A quelques mètres, des militaires qui avaient surveillé le matériel électoral pendant la nuit observaient tranquillement la scène en prenant leur petit déjeuner à l’abri des arbres.

« Takokélen! », clame soudain dans une file d’attente Tamba Konaté, 19 ans, en reprenant le slogan du président sortant, qui signifie littéralement « prise unique », c’est à dire victoire au premier tour en bambara, une des langues les plus parlées au Mali.

« Il va passer, c’est sûr! », lance-t-il encore en adressant des clins d’oeil aux journalistes sous les sourires des autres votants, dont quelques femmes vêtues de boubous chatoyants et de « moussoros » (petits turbans de pagne noués) assortis.

« Il n’y aura pas de deuxième tour, +ATT+ (surnom d’Amadou Toumani Touré) va passer directement, c’est sûr », confirme Kassim Traoré, un enseignant de 54 ans qui a voté le premier dans le bureau 168 et assure « les gens veulent que ATT reste ».

« Moi je préfère rester discrète », commente d’un air réprobateur la jeune Aminata.

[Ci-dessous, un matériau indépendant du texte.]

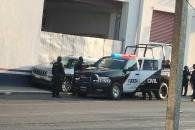 Atacan a dos mujeres a bordo de camioneta; una muere Atacan a dos mujeres a bordo de camioneta; una muere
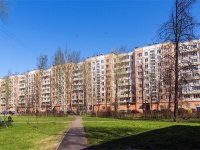 Kalininsky district, Piskaryovskij avenue, 房屋 20. 公寓楼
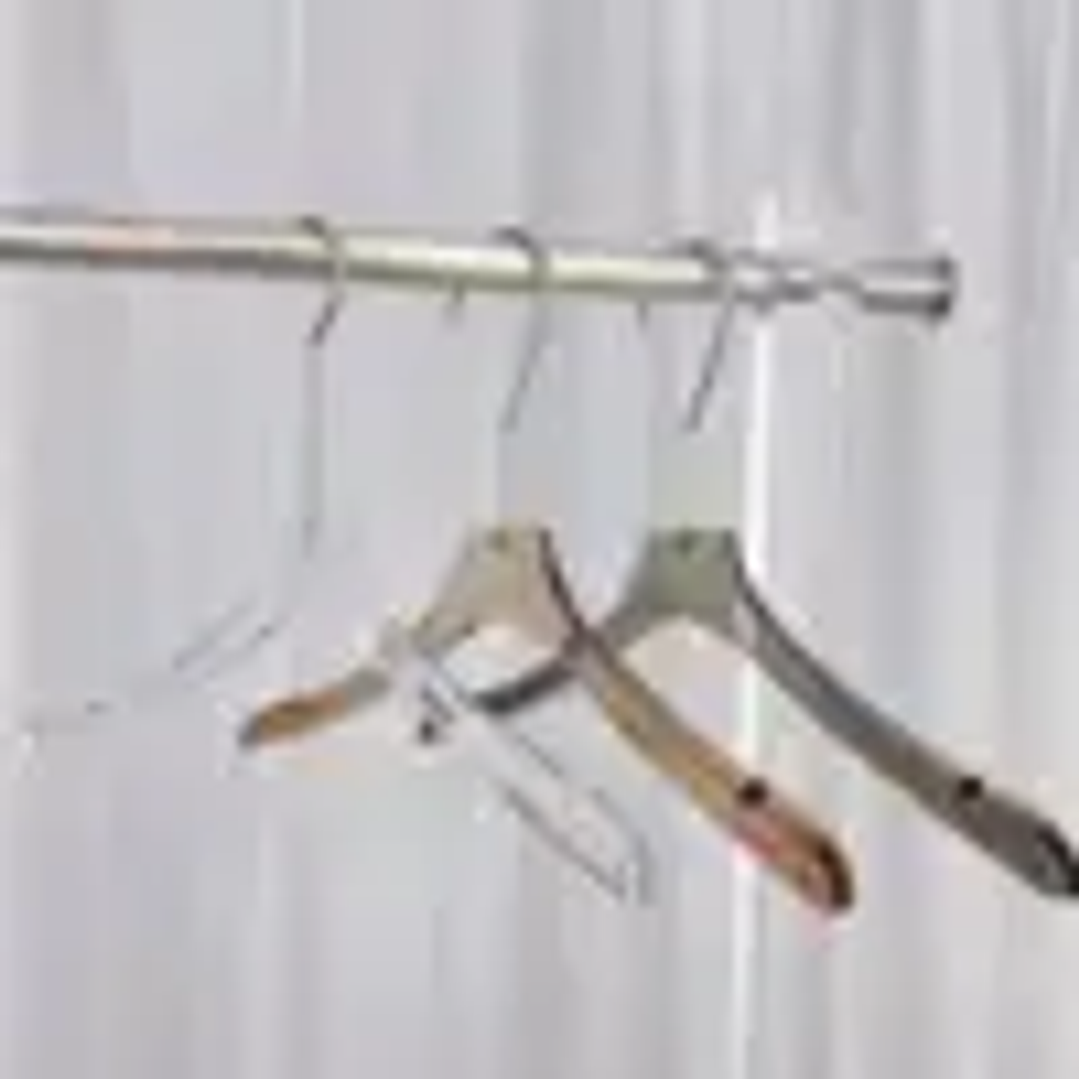 Percha Acrílica Transparente LEILOI | Diseño Mate con Gancho Dorado para Ropa 10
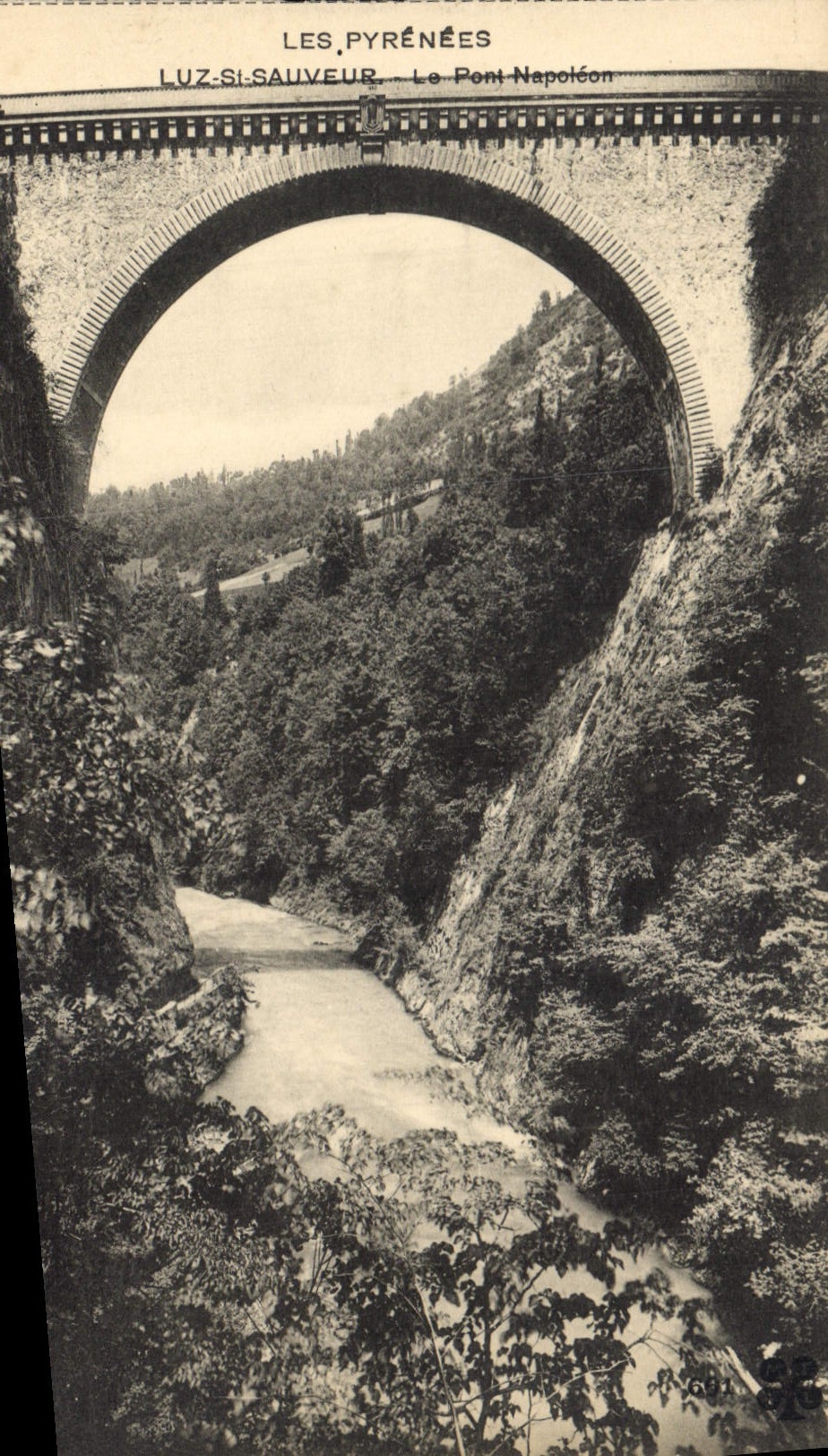 CPA Les Pyrenees Lus St Sauveur Le Pont Napoleon 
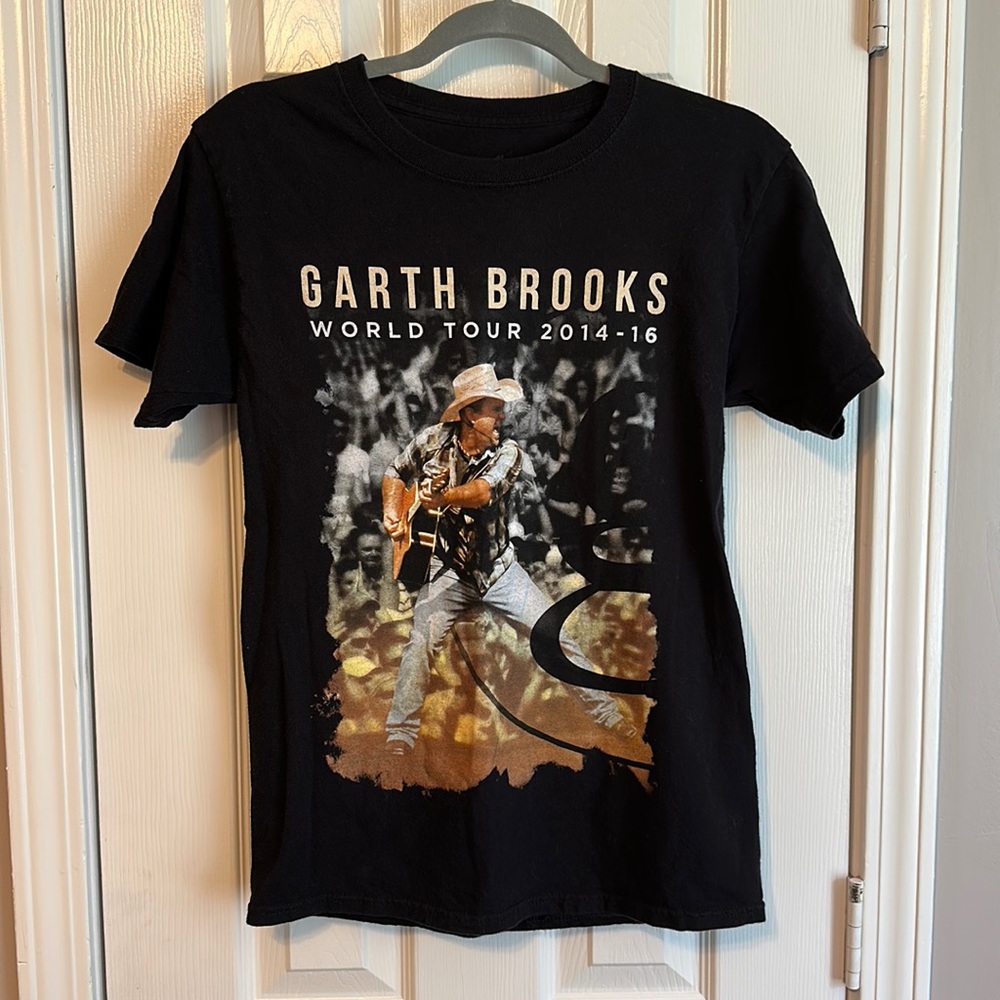 Garth Brooks 2014-2016 World Tour Concert Tee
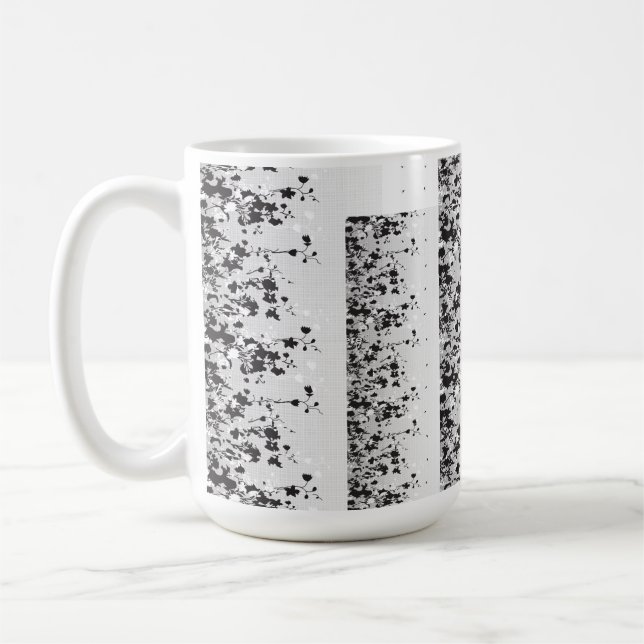 En komplicerad design för svartvit blommigt som är kaffemugg (Vänster)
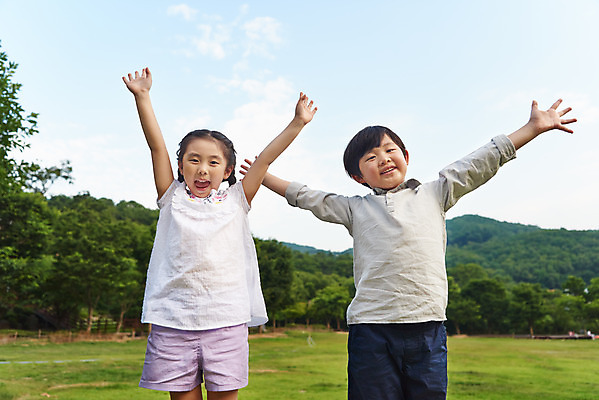 포토 JPG 주간 나무 공원 여자 남자 어린이라이프 초등학생 어린이 자연 서기 웃음 소녀 소년 잔디 상반신 야외 두명 앞모습 캐주얼 여름 친구 맑음 한국인 체험학습 즐거움 손뻗기 용인 휴양림 어린이만 국내포토 자연요소 식물 학생 라이프스타일 옷 계절 공공시설 감정 뷰포인트 관계 모션 날씨 표정 사람 동양인 체험 생태계 경기도 파일형식
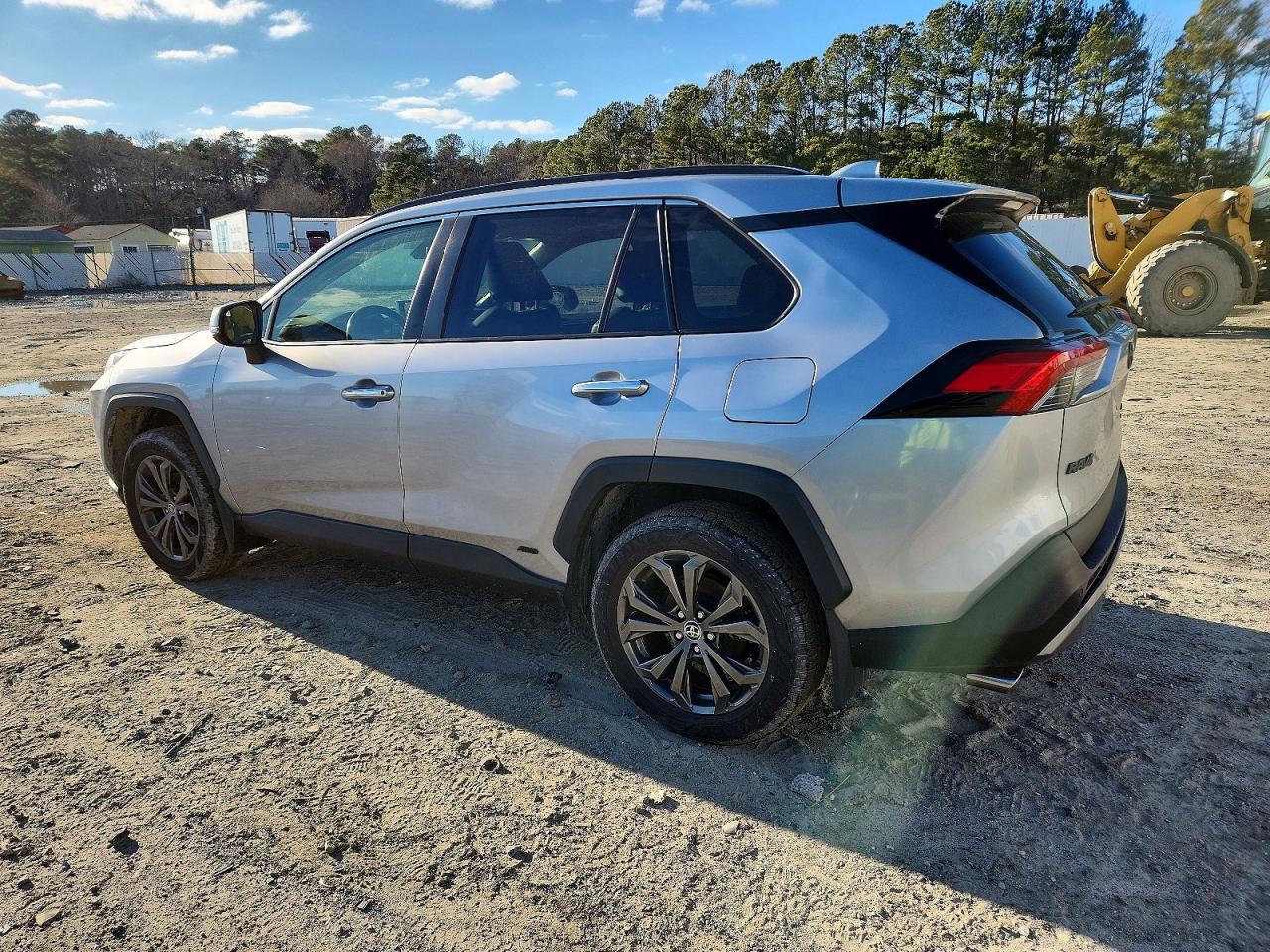 2022 Toyota Rav4 Limited - Фото 2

« Je ne vais pas dire à tout le monde pour qui je vote, il faut quand même rester discret », explique-t-elle, tentant, sans succès, d’enlever l’encre violette indélébile dans laquelle elle a trempé son index pour preuve qu’elle a accompli son devoir électoral et ne pourra voter une deuxième fois.

Amadou, observateur pour « 3GK », un groupe d’ONG maliennes, considère de son côté que le scrutin « se passe à merveille, comme d’habitude ».

« Bon, on a eu un problème dans le bureau 164 parce qu’on manquait de tables pour les représentants des partis, mais c’est réglé », explique-t-il.

Posté à la sortie de l’école sous un soleil de plomb, M. Camara, chauffeur de taxi d’une quarantaine d’années, explique qu’il ne vote pas car « ça ne sert à rien ».

« Pour moi, +ATT+ ou +IBK+ (Ibrahim Boubacar Kéita, son adversaire le plus sérieux, ndlr), c’est la même chose. Je préfère aller travailler plutôt que de voter pour ces gens-là », assure-t-il, avant d’admettre que « la démocratie est bien installée maintenant dans le pays ».